What’s Going On : la prière d’un homme au bord du monde
Il y a des disques qui ne se contentent pas de traverser leur époque : ils la transpercent. "What’s Going On", sorti en 1971, est de ceux-là.
Marvin Gaye, déchiré entre la douleur intime et la violence du monde, offre ici bien plus qu’un album : une confession, une supplique, un cri voilé de douceur. Tandis que l’Amérique s’enlise au Vietnam et s’embrase dans ses luttes raciales, il choisit la tendresse comme arme politique.
Dès les premières secondes, tout semble flotter : les voix se croisent, les cordes soupirent, la basse de James Jamerson glisse comme une respiration. Ce n’est plus du Motown classique, c’est une révolution en soie. Marvin a pris le contrôle de la production, imposé une unité organique, un enchaînement fluide où chaque titre coule dans l’autre comme un fleuve sans embouchure.
“Mercy Mercy Me”, “Inner City Blues”, “Save the Children” : autant de psaumes d’un homme qui ne croit plus aux dogmes mais encore à la beauté. La voix, chaude et brumeuse, devient instrument de conscience. Elle ne dénonce pas : elle console. C’est le gospel des désabusés, le soul des survivants.

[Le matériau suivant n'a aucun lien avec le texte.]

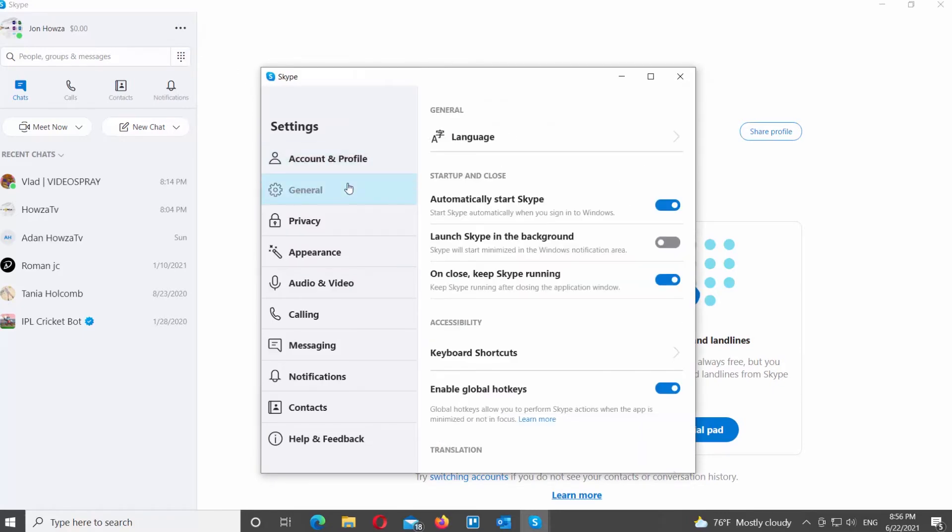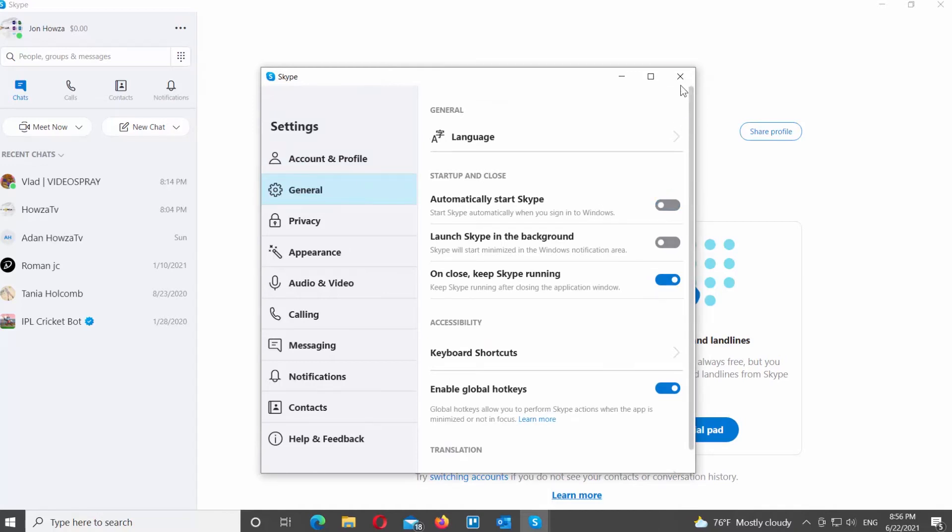Go to General from the left side list. Go to the right side of the window. Look for the Startup and Close block. Go to Automatically start Skype option. Turn the switch off to disable it.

J’aime penser que Marvin, dans ce disque, parle au monde les yeux fermés. Qu’il cherche encore la lumière dans un pays fracturé. What’s Going On n’est pas seulement un chef-d’œuvre : c’est une question suspendue depuis plus d’un demi-siècle, à laquelle nous n’avons toujours pas su répondre.
Chaque écoute est un rappel : la douceur peut être radicale. Et parfois, la plus belle des révoltes commence par un murmure.